La nueva administración enfrenta entonces un reto central: construir el segundo piso del bienestar. Dicho piso no puede basarse únicamente en ingresos, sino en fortalecer la provisión de servicios sociales. Para que el crecimiento salarial se traduzca en un desarrollo sostenido, debe estar acompañado de un sistema de salud público robusto, de un esquema de seguridad social más incluyente y de un modelo educativo capaz de formar el talento que exige una economía más productiva. El riesgo de lo contrario es un ciclo de avances parciales: menos pobres por ingreso, pero más personas vulnerables por carencias.
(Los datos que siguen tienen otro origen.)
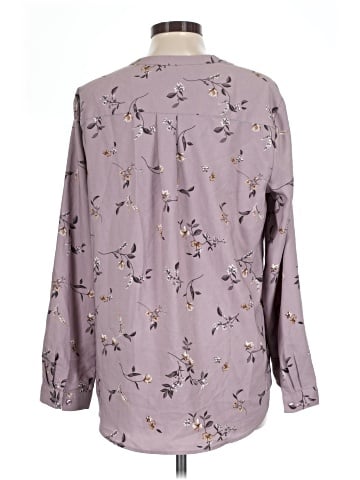 Hilary Radley Long Sleeve Blouse (view 2)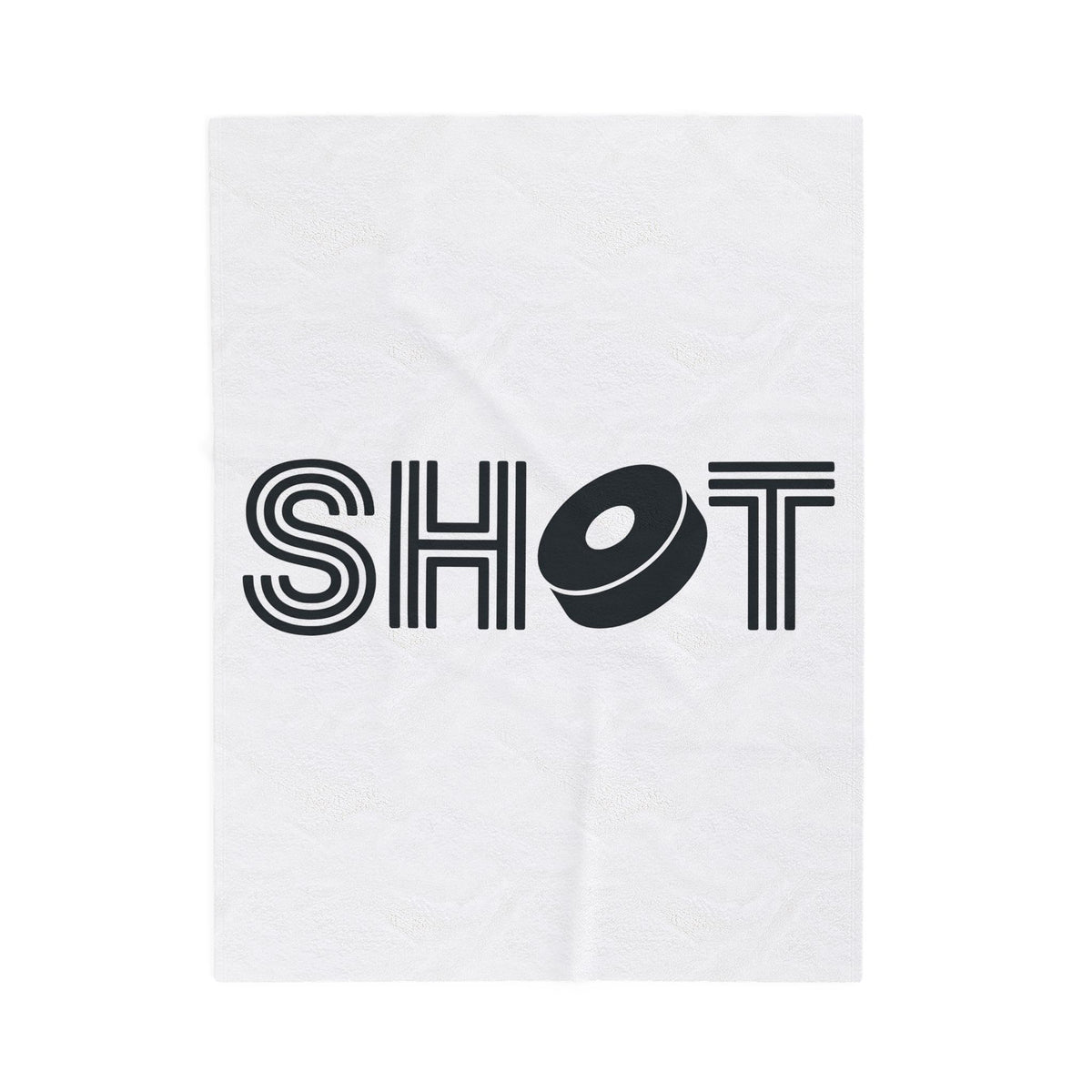 Puck Blanket Hockey Competitor Gift Women Graphic Blanket Hockeypuck Blanket Hockey Fan Graphic Blanket Athlete Graphic Design Plain Contour Blanket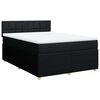 vidaXL &Kappa;&rho;&epsilon;&beta;ά&tau;&iota; Boxspring &mu;&epsilon; &Sigma;&tau;&rho;ώ&mu;&alpha; &Mu;&alpha;ύ&rho;&omicron; 160x200 &epsilon;&kappa;. &Upsilon;&phi;&alpha;&sigma;&mu;ά&tau;&iota;&nu;&omicron;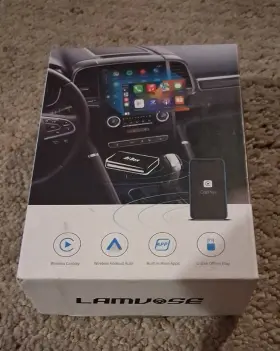 Jmr6230902b5 Lamvose Magic Box 2.0 Wireless Carplay Adapter For Cars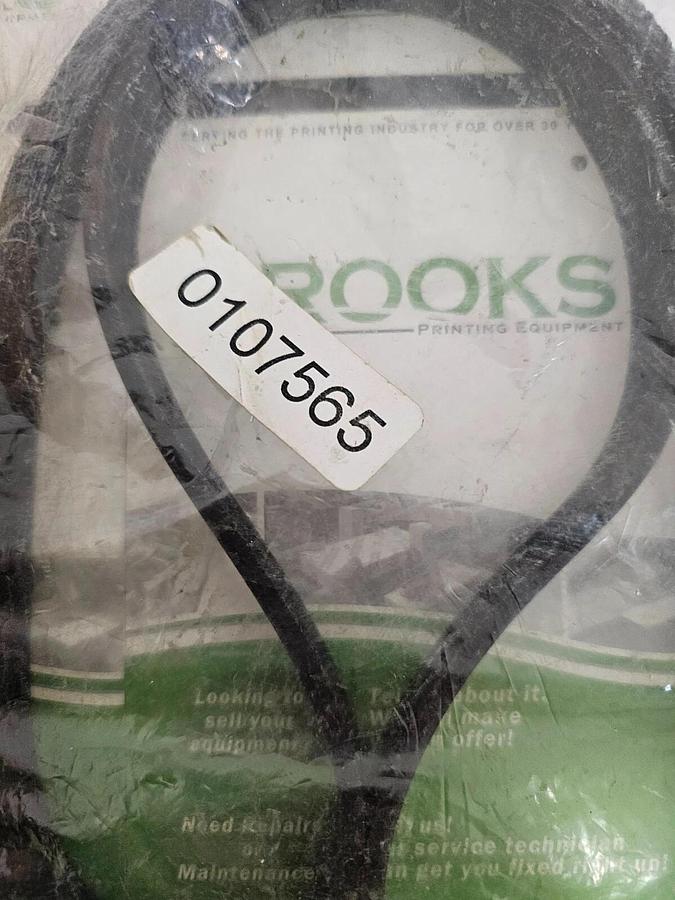 MBO Motor Drive Belt Poly V, Compatible with Parallel Units, Part #0107565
El camino está abierto. México demostró que es posible reducir la pobreza con políticas heterodoxas y resultados tangibles en un periodo relativamente breve. La lección ahora es cómo dar el siguiente paso: garantizar que los ingresos crecientes se complementen con derechos sociales efectivos. Solo así, el pacto social dejará de ser una disyuntiva entre ingreso o servicios, para convertirse en un proyecto de país donde ambas dimensiones se fortalezcan mutuamente.
Este es apenas el primer piso de la reflexión. En las siguientes semanas profundizaré en dos aspectos clave. Primero, la dimensión de la pobreza multidimensional y sus contrastes regionales: cómo algunos estados redujeron la pobreza moderada en más de diez puntos porcentuales, mientras otros apenas lograron avances, y cómo la informalidad laboral, el acceso desigual a servicios y las brechas territoriales explican buena parte de estas diferencias. Segundo, la relación entre la reducción de la pobreza, la formalidad y el crecimiento económico: por qué casos como Tabasco, Campeche, Veracruz y Oaxaca concentran tanto la atención, qué papel jugaron las grandes inversiones públicas y por qué su sostenibilidad fiscal y productiva será determinante en los próximos años.
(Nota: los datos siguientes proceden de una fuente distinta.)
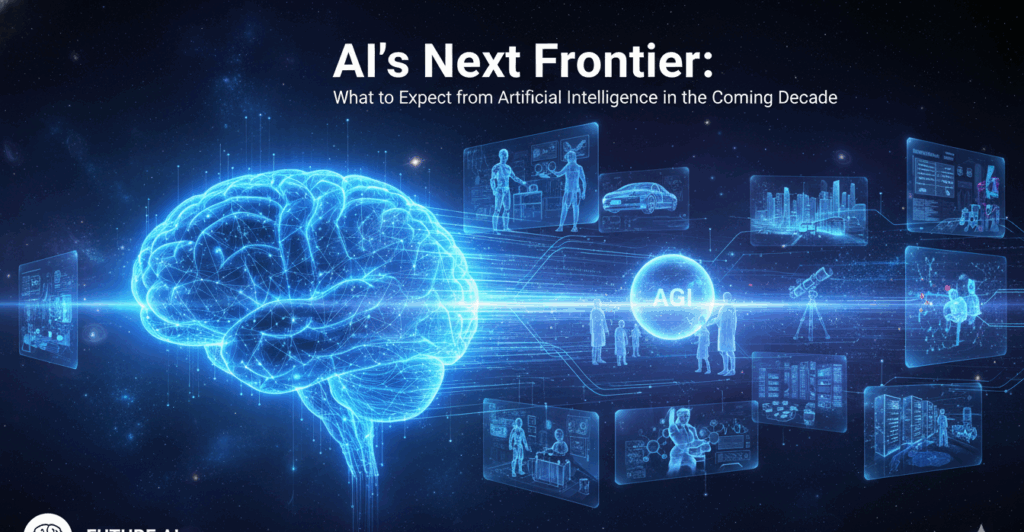 AI’s Next Frontier: What to Expect from Artificial Intelligence in the Coming Decade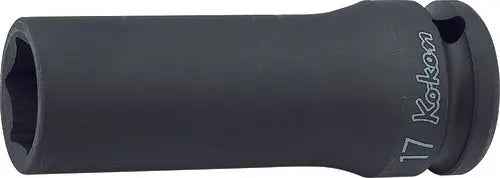 1/2 Sq. Dr. Socket  3/4 6 point Length 80mm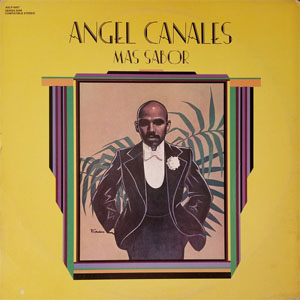 Álbum Más Sabor de Ángel Canales 
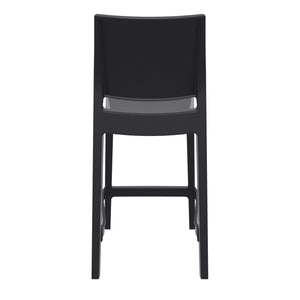 Outdoor Bar Stools - Canyon Outdoor Counter Stool Black 65cm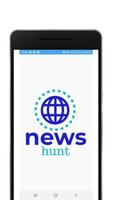 News Hunt- News from all around the world poster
En suma, lo que está en juego es cómo pasar de una estrategia que funcionó en el corto plazo a una política de Estado que sea sostenible en el tiempo. El segundo piso de la reducción de la pobreza no consiste solo en mantener el salario mínimo en una trayectoria ascendente, sino en cimentar servicios sociales, productividad y crecimiento económico de largo plazo. Esa será la prueba decisiva para consolidar lo que hasta ahora se ha logrado.